The International Access to Justice Forum 2025 will bring together a diverse group of scholars, practitioners, policy makers and court and dispute resolution experts to discuss exciting new developments and ongoing challenges in access to justice.
Building on the rich legacy of previous conferences, there will be engaging discussions, inspiring presentations, and enriching cross-border dialogue. We encourage you to participate, whether as an in-person attendee or member of the online audience.
Presentations on topics include:
- racial, gender, ethnic, religious and other forms of discrimination in the design and operation of civil justice systems
- gaps in access to justice
- impacts of new technologies
- legal professional regulatory reform
- legal needs studies climate change and civil justice
- civil justice in democratic governance.
We are particularly excited to support staff from the Victoria Law Foundation and members of the community legal sector in attending this event.

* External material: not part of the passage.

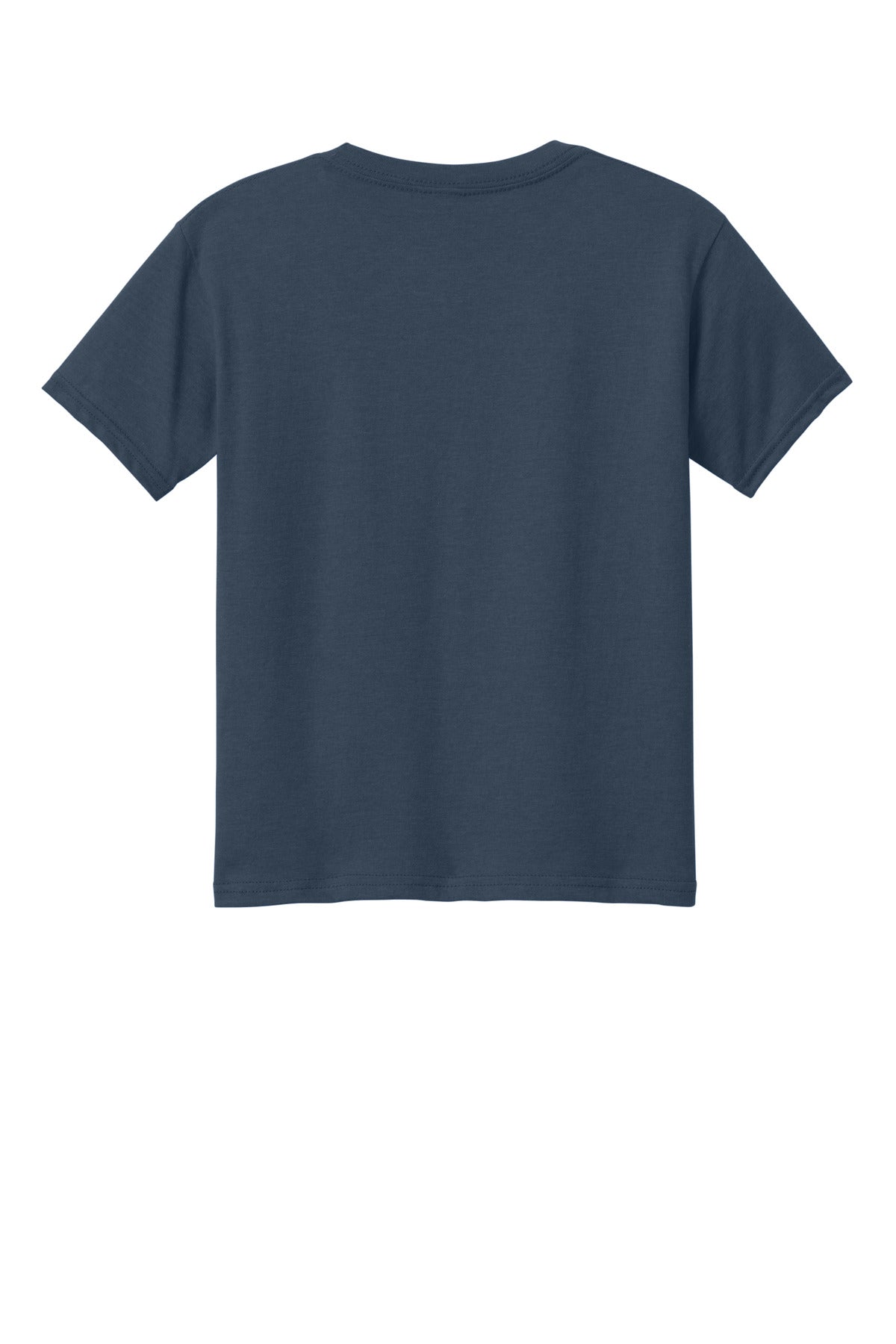 Gildan Youth Softstyle CVC Tee 64000BCVC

Registration is now open and further details about the 2025 Forum are available from the Center for Civil Justice website.
Our VLF contigent
Bushfires and legal needs
Yolanda Mansfield, Senior Researcher
Disasters can have a significant impact on people’s likelihood of experiencing justiciable problems and their ability to resolve them, with those most disadvantaged and vulnerable often the worst affected.
VLF’s Senior Researcher Yolanda Mansfield will share preliminary findings on the relationship between natural disasters and legal need through the experience of Australian bushfires. This new paper details the Public Understanding of Law Survey (PULS) findings on the significant 2019-2020 Victorian bushfire event, revealing new insights about legal problem experience and the increasing burden on communities and legal services affected by natural disasters.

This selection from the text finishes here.